To precisely determine the impact of 2-phenylethyenesulfonamide (PES) on these pivotal AKT and ERK signaling pathways, A549 and H460 cells were treated with either a vehicle control or varying concentrations of PES (10 or 20 micromolar) for a duration of 48 hours. Whole-cell extracts were then prepared and subjected to Western blotting analysis to assess the phosphorylation status of AKT and ERK, which serves as an indicator of their activation. The results unequivocally demonstrated that PES treatment led to a dose-dependent decrease in the levels of phosphorylated AKT (p-AKT) and phosphorylated ERK (p-ERK) in both A549 and H460 cells. This direct inhibition of AKT and ERK phosphorylation indicates that PES effectively dampens these crucial pro-survival and pro-proliferative signaling cascades, contributing significantly to its observed antiproliferative and pro-apoptotic effects.

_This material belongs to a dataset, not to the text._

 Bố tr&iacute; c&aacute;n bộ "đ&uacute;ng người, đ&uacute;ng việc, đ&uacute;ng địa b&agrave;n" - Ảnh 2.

In addition to suppressing these survival pathways, Western blotting analysis also revealed another important molecular alteration: the expression levels of death receptor 4 (DR4) and death receptor 5 (DR5) were found to be increased following PES treatment. DR4 and DR5 are key transmembrane receptors that mediate the extrinsic apoptotic pathway, and their upregulation suggests that PES sensitizes cancer cells to external apoptotic stimuli.

Previous studies have consistently indicated that Hsp70 is fundamentally essential for NSCLC growth regulation, with its overexpression being a common feature in NSCLC cells compared to their normal counterparts. Given that PES is characterized as a specific Hsp70 inhibitor, the study also meticulously evaluated the direct effect of PES on Hsp70 protein levels in human NSCLC cells. Surprisingly, despite its classification as an Hsp70 inhibitor, Western blotting results showed that PES treatment did not lead to a reduction in the overall expression levels of Hsp70 protein in either A549 or H460 cells. This particular finding suggests that PES might not function by decreasing the *amount* of Hsp70 protein but rather by inhibiting its functional activity. This proposed mechanism aligns with the understanding that PES is known to specifically interact with and disrupt the ATPase binding domain of Hsp70, thereby impairing its crucial protein chaperoning activity without necessarily altering its total protein levels.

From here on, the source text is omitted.